Sky2Ground: A Benchmark for Site Modeling under Varying Altitude¶
Conference: CVPR 2026
arXiv: 2603.13740
Code: Coming soon
Area: 3D Vision / Cross-view Localization
Keywords: Cross-view Localization, Satellite-Aerial-Ground, Multi-altitude 3D Reconstruction, Gaussian Splatting, Curriculum Learning
TL;DR¶
This paper introduces the Sky2Ground dataset (51 scenes, 80k images, unified coverage of synthetic and real images across satellite, aerial, and ground views) and the SkyNet model (dual-stream encoder + masked satellite attention + progressive view sampling).
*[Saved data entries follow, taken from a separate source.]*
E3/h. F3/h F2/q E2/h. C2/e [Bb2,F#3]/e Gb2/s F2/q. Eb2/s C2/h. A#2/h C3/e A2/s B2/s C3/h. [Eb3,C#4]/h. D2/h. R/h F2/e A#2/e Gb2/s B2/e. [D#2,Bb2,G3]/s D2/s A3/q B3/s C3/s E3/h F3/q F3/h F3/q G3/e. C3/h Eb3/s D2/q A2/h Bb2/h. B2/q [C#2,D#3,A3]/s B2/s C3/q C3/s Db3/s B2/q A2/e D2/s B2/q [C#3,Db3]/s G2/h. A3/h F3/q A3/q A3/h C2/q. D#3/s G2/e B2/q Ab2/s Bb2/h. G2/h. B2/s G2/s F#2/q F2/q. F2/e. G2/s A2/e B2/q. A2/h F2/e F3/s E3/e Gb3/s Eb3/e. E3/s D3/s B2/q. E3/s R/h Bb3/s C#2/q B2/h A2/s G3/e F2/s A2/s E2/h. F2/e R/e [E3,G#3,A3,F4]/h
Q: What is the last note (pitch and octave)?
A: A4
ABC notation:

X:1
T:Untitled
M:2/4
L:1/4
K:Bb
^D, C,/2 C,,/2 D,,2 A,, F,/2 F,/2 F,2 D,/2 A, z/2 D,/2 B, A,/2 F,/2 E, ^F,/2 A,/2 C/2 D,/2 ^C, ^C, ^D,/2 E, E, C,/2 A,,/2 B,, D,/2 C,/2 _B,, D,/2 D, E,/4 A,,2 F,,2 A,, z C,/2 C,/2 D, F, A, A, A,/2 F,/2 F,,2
It represents the first systematic study of joint camera localization across ground, aerial, and satellite perspectives, achieving gains of 9.6% in RRA@5 and 18.1% in RTA@5.
Background & Motivation¶
- Background: Multi-view 3D reconstruction and camera localization are fundamental computer vision tasks. Recent neural-based methods like DUSt3R, MASt3R, and VGGT have made significant progress but are primarily trained and evaluated on ground-aerial perspectives.
- Limitations of Prior Work: (1) Lack of datasets containing ground, aerial, and satellite views simultaneously—nuScenes/KITTI only have ground views, AerialMegaDepth lacks satellite views, and MatrixCity/BungeeNeRF contain only synthetic data; (2) The joint localization problem across three perspectives has not been studied; (3) There is a massive distribution shift between satellite and ground/aerial images.
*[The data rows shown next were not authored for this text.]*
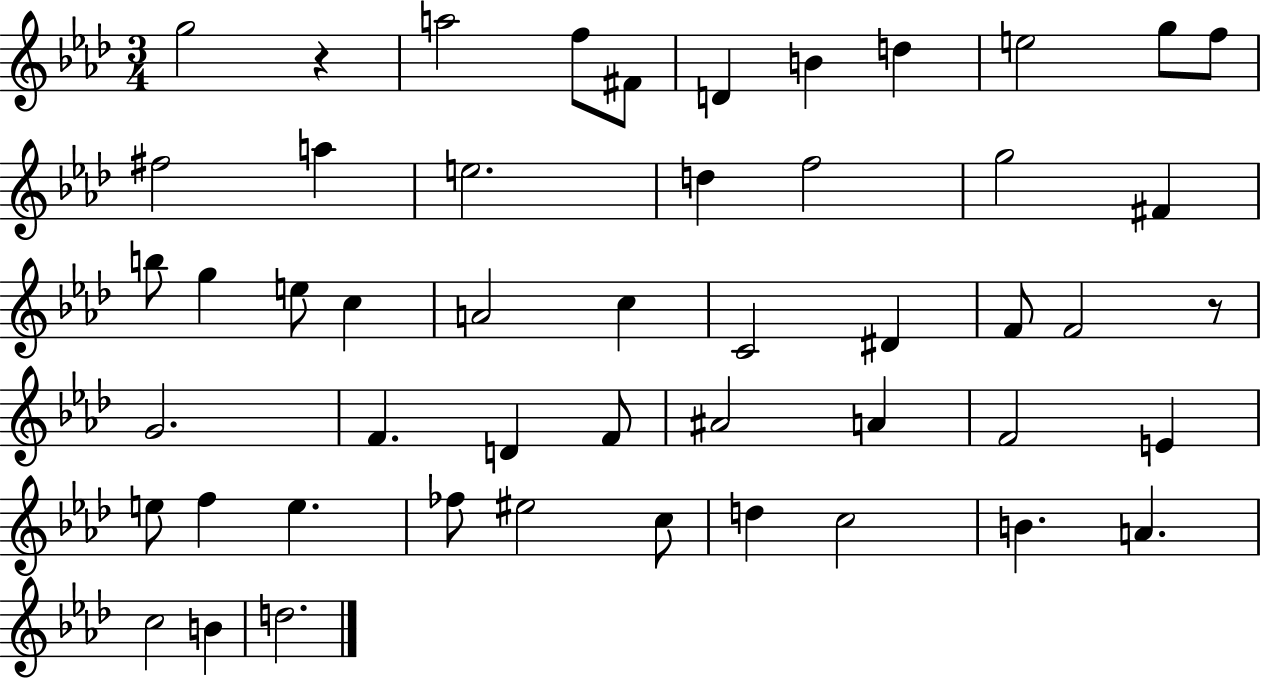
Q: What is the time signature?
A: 3/4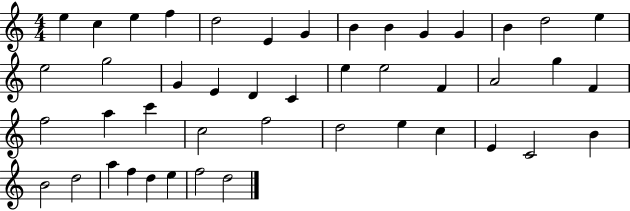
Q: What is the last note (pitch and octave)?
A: D5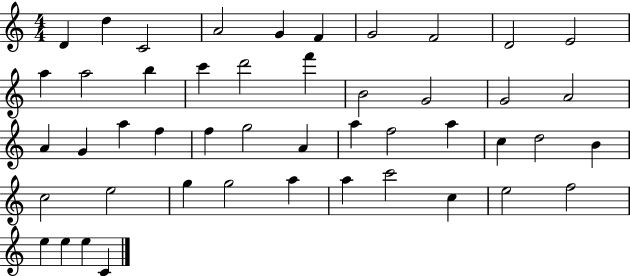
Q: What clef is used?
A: treble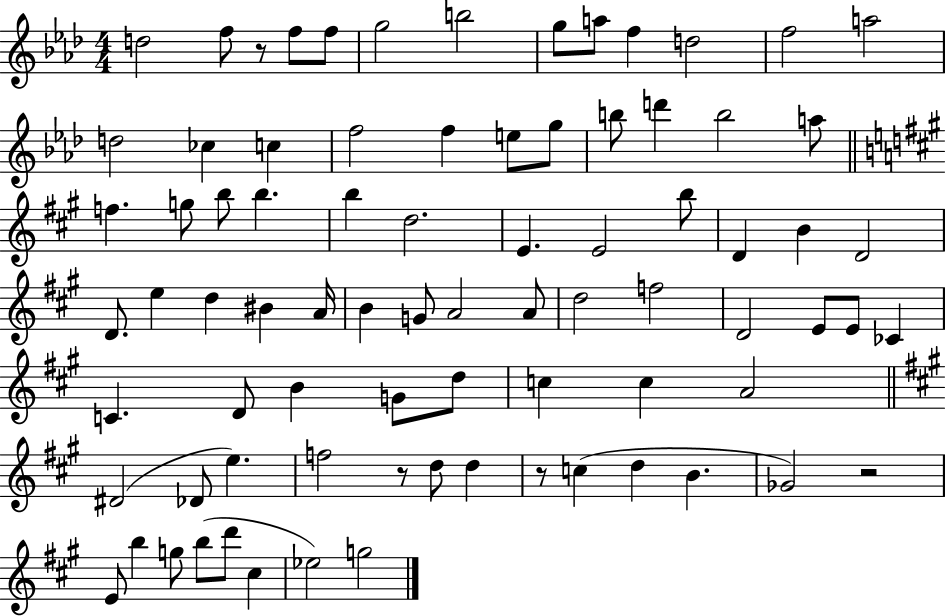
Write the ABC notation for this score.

X:1
T:Untitled
M:4/4
L:1/4
K:Ab
d2 f/2 z/2 f/2 f/2 g2 b2 g/2 a/2 f d2 f2 a2 d2 _c c f2 f e/2 g/2 b/2 d' b2 a/2 f g/2 b/2 b b d2 E E2 b/2 D B D2 D/2 e d ^B A/4 B G/2 A2 A/2 d2 f2 D2 E/2 E/2 _C C D/2 B G/2 d/2 c c A2 ^D2 _D/2 e f2 z/2 d/2 d z/2 c d B _G2 z2 E/2 b g/2 b/2 d'/2 ^c _e2 g2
- Key Challenge: Satellite images provide globally consistent geographic coverage and stable references, but visual differences from ground/aerial views are extreme (near-orthogonal views, kilometer-scale altitude differences). Intuitively, adding satellite data should provide more information, but experiments show it actually degrades localization performance.
- Goal: (1) Construct the first dataset covering three views with both real and synthetic images; (2) Analyze why satellite images impair existing model performance; (3) Propose a new architecture that effectively utilizes satellite information.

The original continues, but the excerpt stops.